WHAT THE TASK ASKS: Give a verbatim repeat of the lines that run from the line containing "Papier Peint Fleurs" to the end of the data below.

EXTRACTED ENTRIES:
● ● ● ● ●
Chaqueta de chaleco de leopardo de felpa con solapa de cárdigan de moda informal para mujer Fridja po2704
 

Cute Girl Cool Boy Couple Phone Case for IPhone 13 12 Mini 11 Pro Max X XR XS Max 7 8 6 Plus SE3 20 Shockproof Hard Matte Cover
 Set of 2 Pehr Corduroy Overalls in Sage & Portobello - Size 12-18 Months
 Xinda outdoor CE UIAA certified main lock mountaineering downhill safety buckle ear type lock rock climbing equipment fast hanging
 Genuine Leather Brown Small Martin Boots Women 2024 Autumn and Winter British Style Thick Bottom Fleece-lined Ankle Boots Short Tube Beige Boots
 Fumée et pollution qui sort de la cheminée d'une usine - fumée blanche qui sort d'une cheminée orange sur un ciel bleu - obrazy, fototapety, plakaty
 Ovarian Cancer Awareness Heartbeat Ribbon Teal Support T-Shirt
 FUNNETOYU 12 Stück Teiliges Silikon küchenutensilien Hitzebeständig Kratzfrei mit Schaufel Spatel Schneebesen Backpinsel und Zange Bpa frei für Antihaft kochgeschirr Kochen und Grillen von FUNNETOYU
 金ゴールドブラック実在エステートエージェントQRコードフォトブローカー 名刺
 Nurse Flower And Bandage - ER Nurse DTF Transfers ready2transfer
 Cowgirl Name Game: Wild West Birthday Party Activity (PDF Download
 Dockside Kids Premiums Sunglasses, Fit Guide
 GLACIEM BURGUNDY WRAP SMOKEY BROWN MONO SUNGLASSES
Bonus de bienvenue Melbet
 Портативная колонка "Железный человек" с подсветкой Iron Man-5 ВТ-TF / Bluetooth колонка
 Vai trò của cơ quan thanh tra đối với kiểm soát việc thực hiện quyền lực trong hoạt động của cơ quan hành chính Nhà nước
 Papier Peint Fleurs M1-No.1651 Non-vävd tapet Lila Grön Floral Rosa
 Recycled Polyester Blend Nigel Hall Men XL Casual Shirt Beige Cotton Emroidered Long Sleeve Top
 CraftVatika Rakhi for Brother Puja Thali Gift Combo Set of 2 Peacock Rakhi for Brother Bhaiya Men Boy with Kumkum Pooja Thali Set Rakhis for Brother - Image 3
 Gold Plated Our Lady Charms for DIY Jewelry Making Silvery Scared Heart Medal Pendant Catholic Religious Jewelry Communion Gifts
● ● ● ● ●
RESULT:
 Papier Peint Fleurs M1-No.1651 Non-vävd tapet Lila Grön Floral Rosa
 Recycled Polyester Blend Nigel Hall Men XL Casual Shirt Beige Cotton Emroidered Long Sleeve Top
 CraftVatika Rakhi for Brother Puja Thali Gift Combo Set of 2 Peacock Rakhi for Brother Bhaiya Men Boy with Kumkum Pooja Thali Set Rakhis for Brother - Image 3
 Gold Plated Our Lady Charms for DIY Jewelry Making Silvery Scared Heart Medal Pendant Catholic Religious Jewelry Communion Gifts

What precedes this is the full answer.